Я не шевелюсь. И тогда мама быстрыми шагами приближается к кроватке и срывает «крышу». Я отворачиваюсь к стене и начинаю хныкать. Я ненавижу раннее утро. Я ненавижу эту промозглую серость за окном, ненавижу вставать и одеваться, когда мне этого не хочется. Просто люто ненавижу тащиться по утрам в детский сад. И по этой причине ненавижу, когда отца нет дома и мама вынуждена собирать меня перед своей работой в садик, потому что уж отец частенько никуда меня не ведет и разрешает мне делать все, что вздумается. А сам спит целый день. Просыпается только, когда я подхожу к нему и говорю, что хочу есть. Тогда он встает, разогревает мне еду, и, пока я ем, смотрит телевизор.
И не то, чтобы меня обижали в садике. Вовсе нет, более того, мне там даже бывает весело – друзей хватает, у воспитательницы я хожу в любимчиках, чем активно пользуюсь: я частенько прошу, чтобы она потаскала меня на руках.
Просто… Ну не хочу я сегодня в садик, ну вот вообще не хочу! Я спать хочу, а еще слушать музыку на папином проигрывателе, перебирать его пластинки, правда, он всегда меня лупит, если видит, что я к ним прикасаюсь. Рисовать хочу – как раз мне купили много замечательных ярких фломастеров, со всеми цветами радуги. Тут тебе даже серебристый и золотой цвет есть.

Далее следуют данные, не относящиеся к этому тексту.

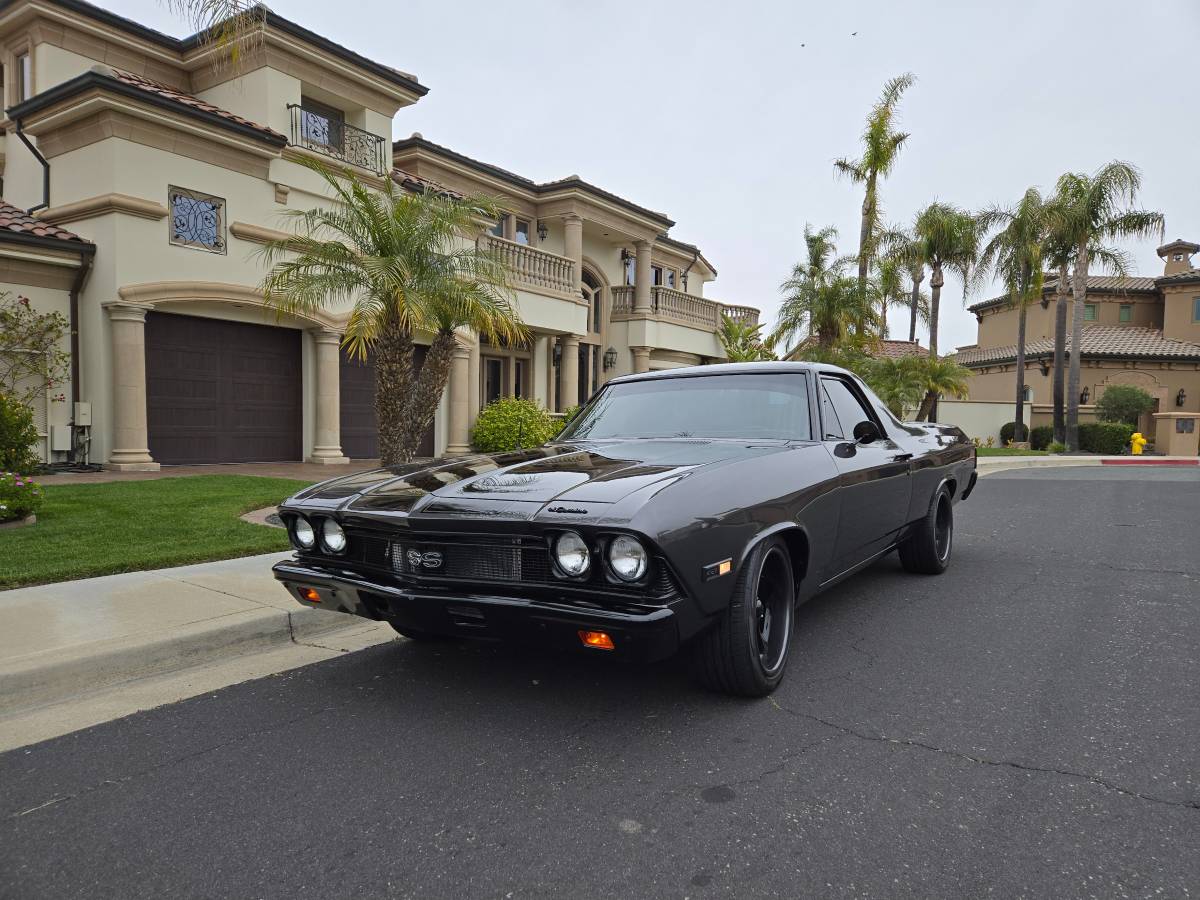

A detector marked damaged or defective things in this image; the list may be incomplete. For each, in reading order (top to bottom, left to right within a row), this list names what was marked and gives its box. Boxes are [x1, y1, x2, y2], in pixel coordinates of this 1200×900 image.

road crack [768, 696, 1200, 816]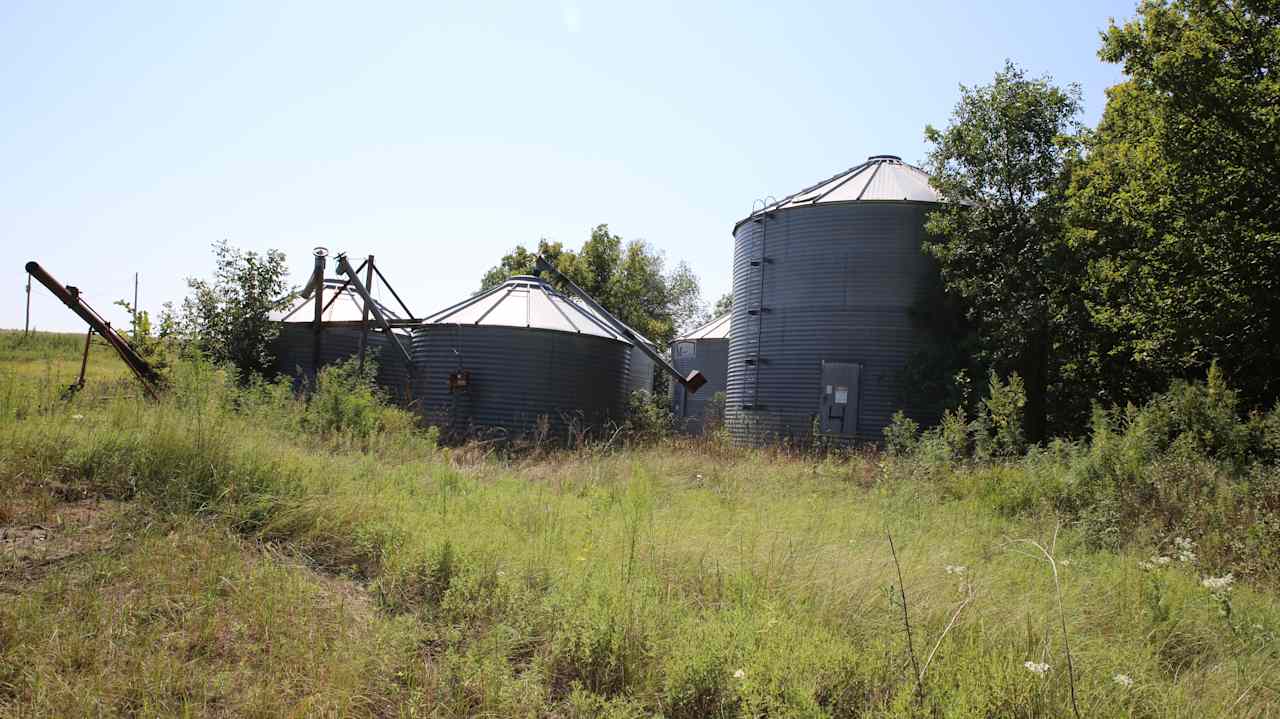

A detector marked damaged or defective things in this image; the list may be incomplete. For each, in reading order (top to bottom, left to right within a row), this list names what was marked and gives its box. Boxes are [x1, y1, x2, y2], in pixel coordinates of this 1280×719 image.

rusty metal equipment [24, 258, 165, 400]
rusty metal equipment [532, 256, 704, 396]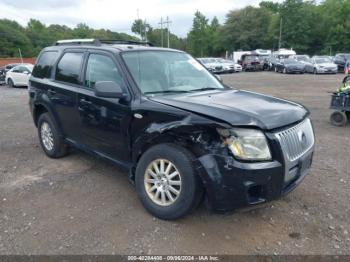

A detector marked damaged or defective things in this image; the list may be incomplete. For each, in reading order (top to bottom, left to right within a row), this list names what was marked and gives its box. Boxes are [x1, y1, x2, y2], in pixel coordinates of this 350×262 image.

crumpled hood [149, 89, 308, 130]
damaged headlight assembly [217, 128, 272, 161]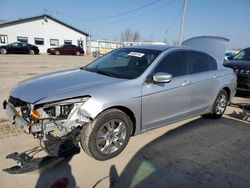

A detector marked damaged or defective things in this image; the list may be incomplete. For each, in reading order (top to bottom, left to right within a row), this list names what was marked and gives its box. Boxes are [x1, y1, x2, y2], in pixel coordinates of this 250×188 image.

crumpled hood [10, 68, 121, 103]
damaged front end [2, 96, 92, 174]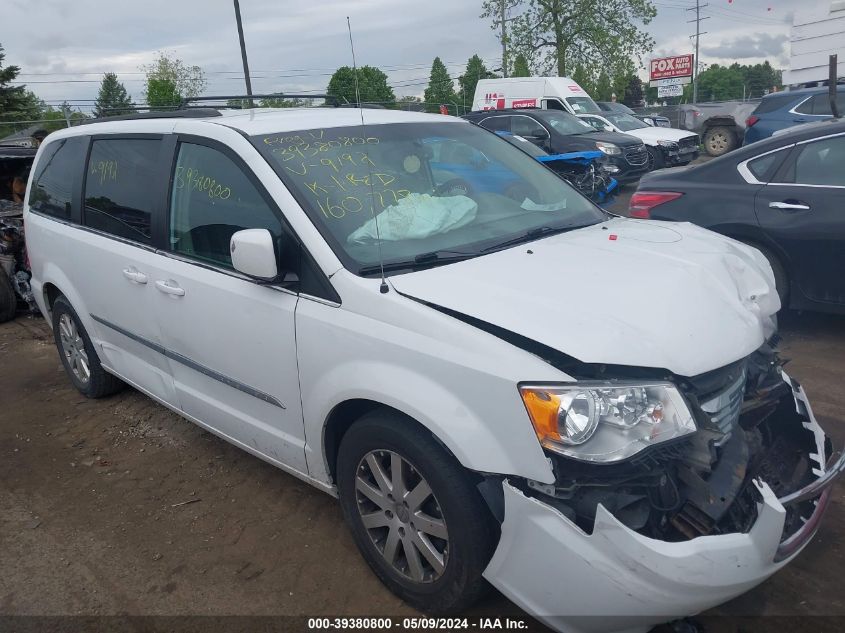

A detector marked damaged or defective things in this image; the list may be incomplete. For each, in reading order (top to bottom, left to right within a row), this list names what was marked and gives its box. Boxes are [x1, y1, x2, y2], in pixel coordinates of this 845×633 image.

Но нет. Меня, несмотря на хныканье, постепенно перерастающее в рев, мама предательски выдергивает из теплой постели, усаживает за детский столик – хотя это совсем не столик, это просто табуретка для взрослых, на которой стоит тарелка супа, а сам я сижу перед ней на низком стульчике. Я беру ложку, начинаю вяло ковырять суп. Мама тем временем одевается. У меня хорошая мама, но конкретно сейчас я не могу не буравить ее злым взглядом. Я просто в ярости от того, что она заставляет меня есть и собираться в сад.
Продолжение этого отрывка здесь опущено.